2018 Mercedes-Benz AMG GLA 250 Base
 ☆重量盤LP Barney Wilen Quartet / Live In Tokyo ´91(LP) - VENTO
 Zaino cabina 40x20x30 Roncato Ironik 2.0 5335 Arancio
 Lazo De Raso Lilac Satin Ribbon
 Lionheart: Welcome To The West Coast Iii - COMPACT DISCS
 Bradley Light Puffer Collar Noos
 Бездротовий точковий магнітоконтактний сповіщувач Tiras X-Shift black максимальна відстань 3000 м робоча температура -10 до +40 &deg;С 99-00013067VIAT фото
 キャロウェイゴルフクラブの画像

——————————

● **What you will do**:
Write the line containing "Tokyo ´91(LP) - VENTO" and all the lines after it out again, word for word, through the end of the material, and nothing besides.

● **Reply**:
 ☆重量盤LP Barney Wilen Quartet / Live In Tokyo ´91(LP) - VENTO
 Zaino cabina 40x20x30 Roncato Ironik 2.0 5335 Arancio
 Lazo De Raso Lilac Satin Ribbon
 Lionheart: Welcome To The West Coast Iii - COMPACT DISCS
 Bradley Light Puffer Collar Noos
 Бездротовий точковий магнітоконтактний сповіщувач Tiras X-Shift black максимальна відстань 3000 м робоча температура -10 до +40 &deg;С 99-00013067VIAT фото
 キャロウェイゴルフクラブの画像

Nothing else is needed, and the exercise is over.